• **What you have to do**
Starting from the line in which "Можно есть грибы растущие на дереве" appears, set down each line exactly through the end of the listing, and nothing else. Leave out pictures.

[Information supplied — start]

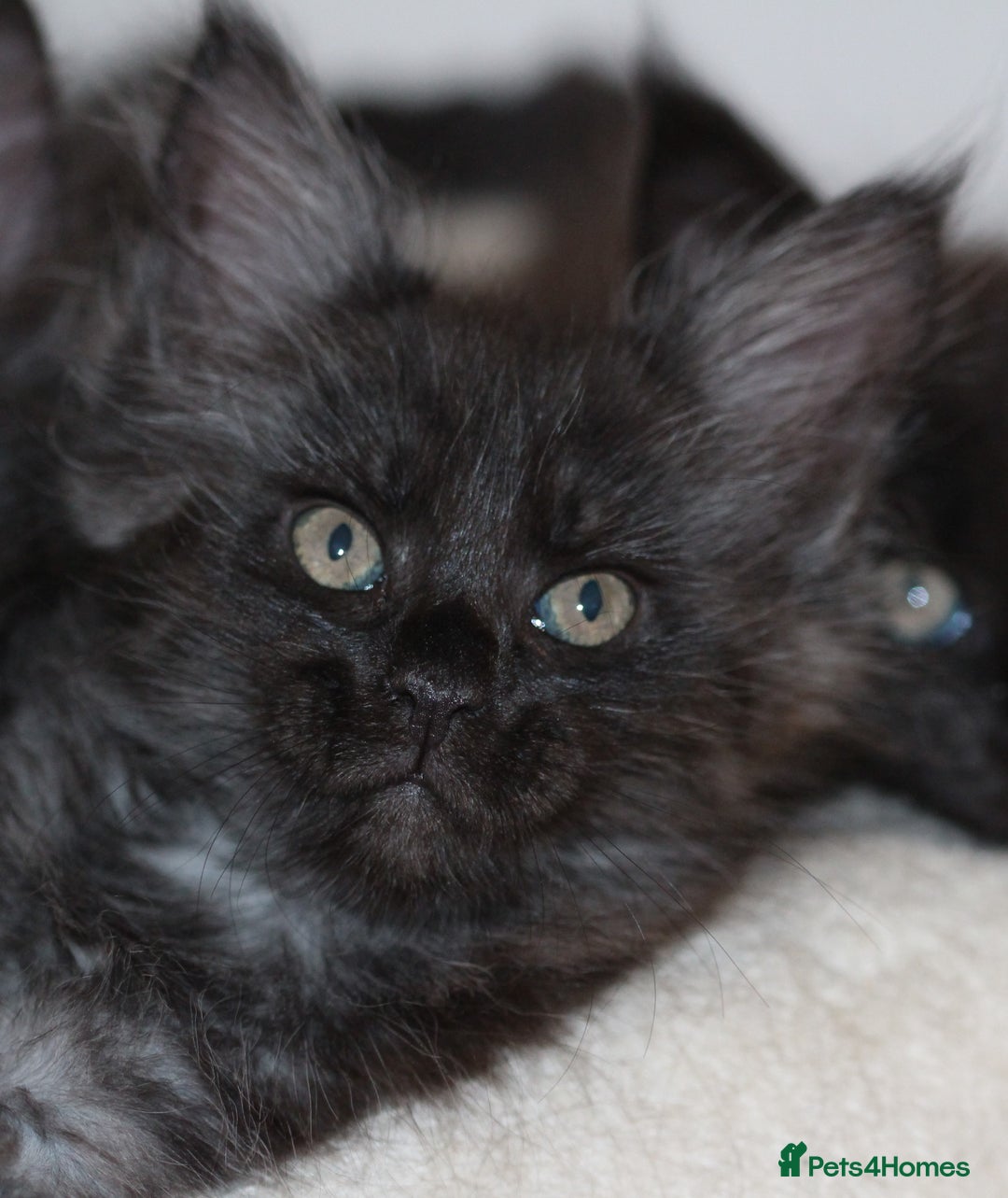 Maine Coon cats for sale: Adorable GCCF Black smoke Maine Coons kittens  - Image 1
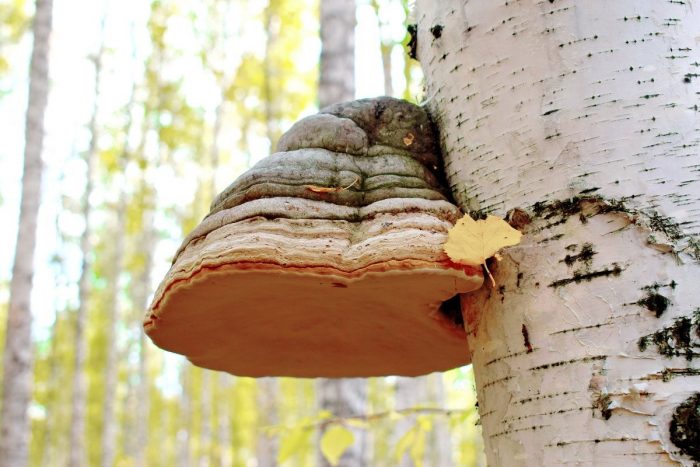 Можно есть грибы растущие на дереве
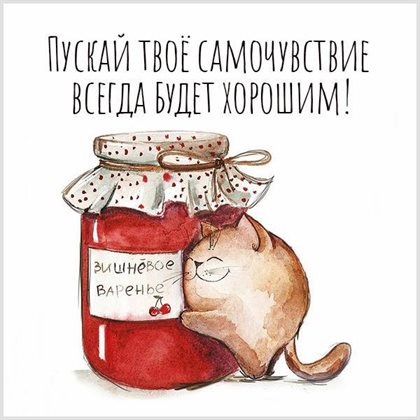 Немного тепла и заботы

[Information supplied — finish]

• **Exercise result**
 Можно есть грибы растущие на дереве
 Немного тепла и заботы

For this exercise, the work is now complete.